### What to do
Once the pictures are set aside, output all the records exactly.

### Source material
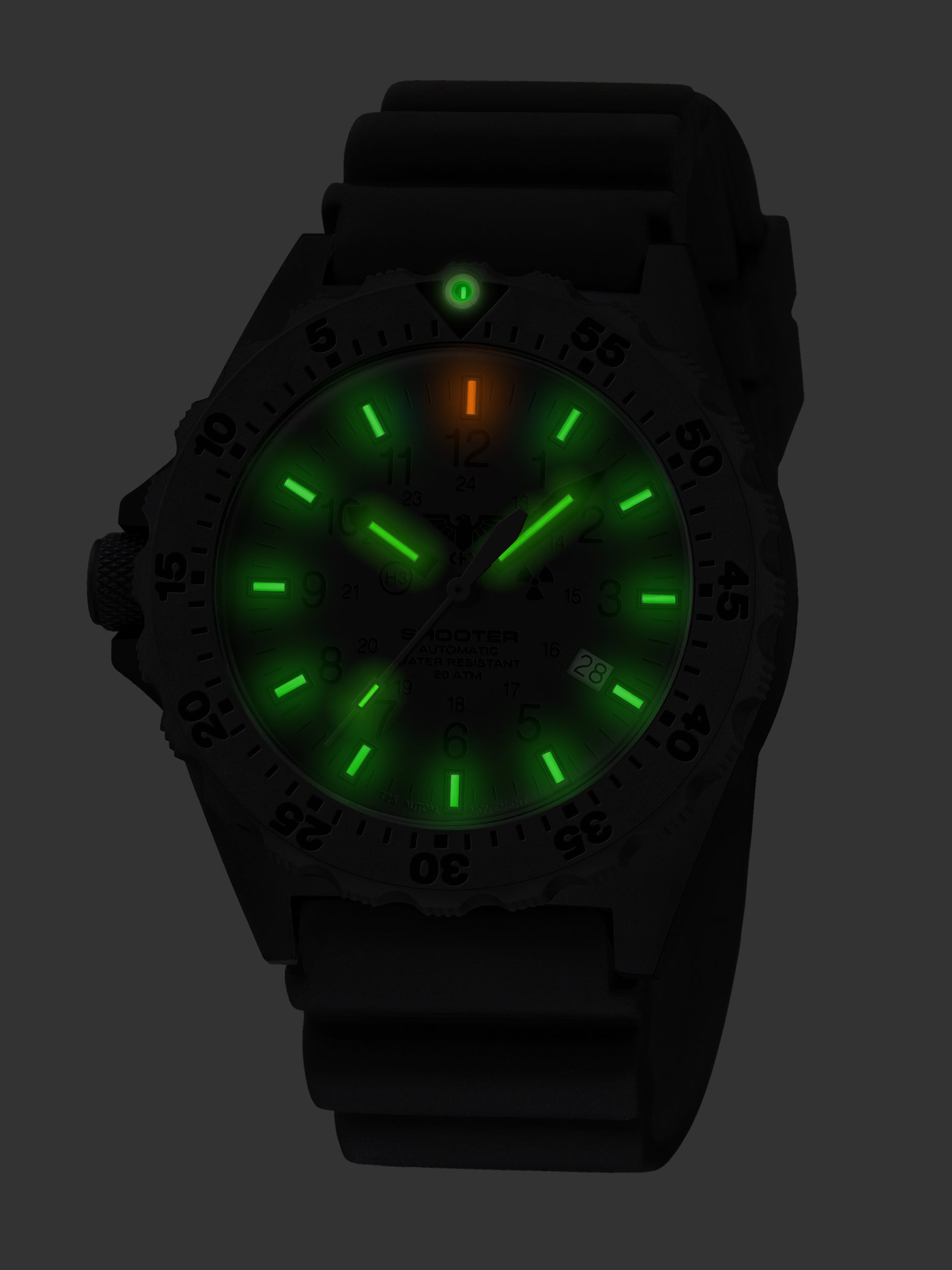 SHOOTER MKII | Automatik Analog | NEOCARB® XTAC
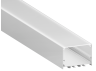Aluminum profile for LED strip AL-137 2 meters anodized surface-mounted suspended LEDUA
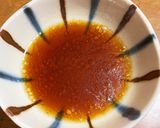 しらす丼の漬け卵黄のせ作り方4写真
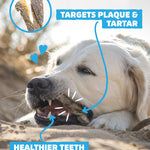 Fish Skin Twists - Skipper's Pet Products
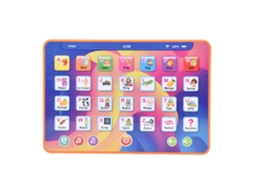 Primerox tablet de Aprendizado Infantil Alfabeto Inglês 7in Portátil Máquina Educativa para Crianças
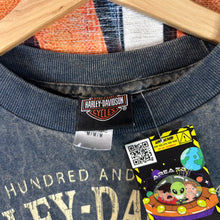 Load image into Gallery viewer, Y2K Harley Davidson Skull Tee Size Medium
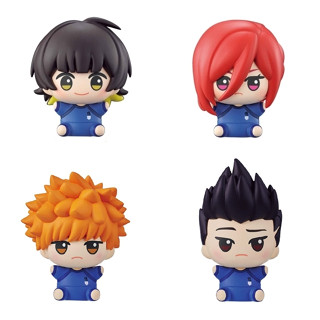 [ขายแยกชิ้น] Blue Lock Osuwari Figure - Bachira / Chigiri / / Barou / Kunigami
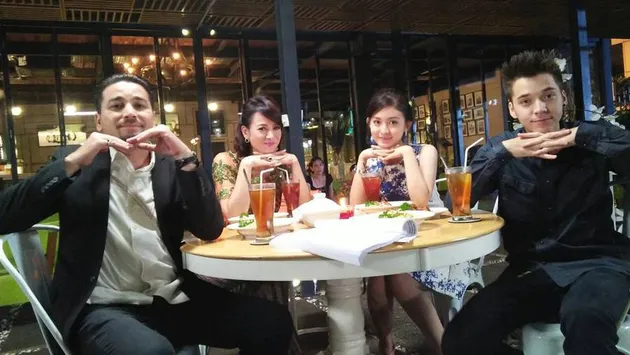 stefan william, natasha wilona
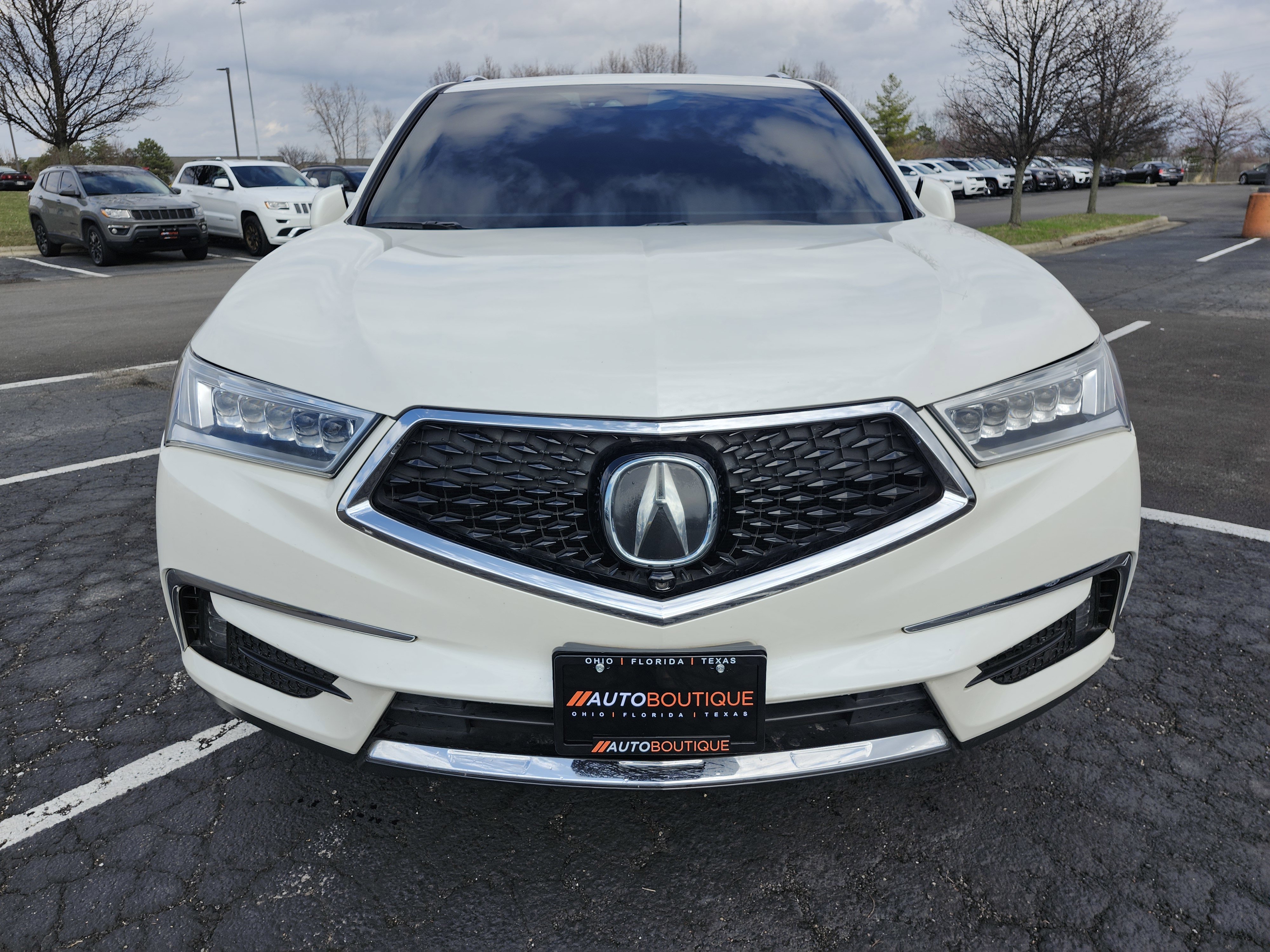 Used 2018 Acura MDX w/ Advance & Entertainment image 16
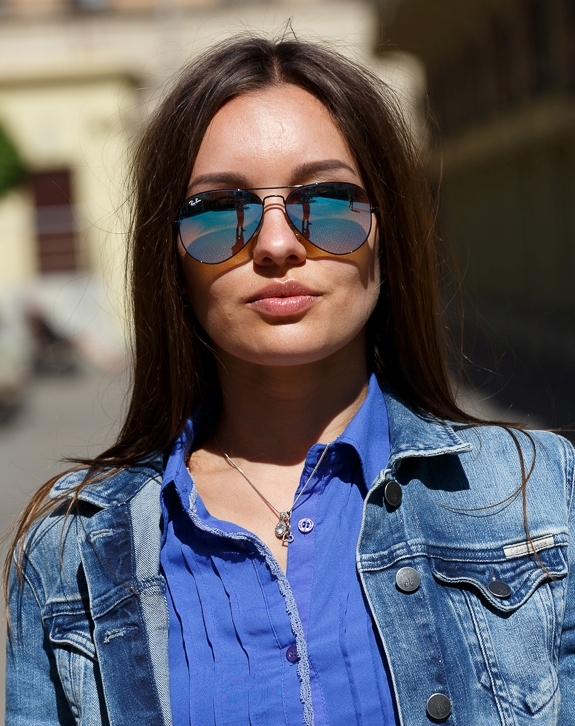 Ray-Ban 3025 002/40 58 Aviator (Size M) - Pilt 4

### Written answer
 SHOOTER MKII | Automatik Analog | NEOCARB® XTAC
Aluminum profile for LED strip AL-137 2 meters anodized surface-mounted suspended LEDUA
 しらす丼の漬け卵黄のせ作り方4写真
 Fish Skin Twists - Skipper's Pet Products
 Primerox tablet de Aprendizado Infantil Alfabeto Inglês 7in Portátil Máquina Educativa para Crianças
 Load image into Gallery viewer, Y2K Harley Davidson Skull Tee Size Medium
 [ขายแยกชิ้น] Blue Lock Osuwari Figure - Bachira / Chigiri / / Barou / Kunigami
 stefan william, natasha wilona
 Used 2018 Acura MDX w/ Advance & Entertainment image 16
 Ray-Ban 3025 002/40 58 Aviator (Size M) - Pilt 4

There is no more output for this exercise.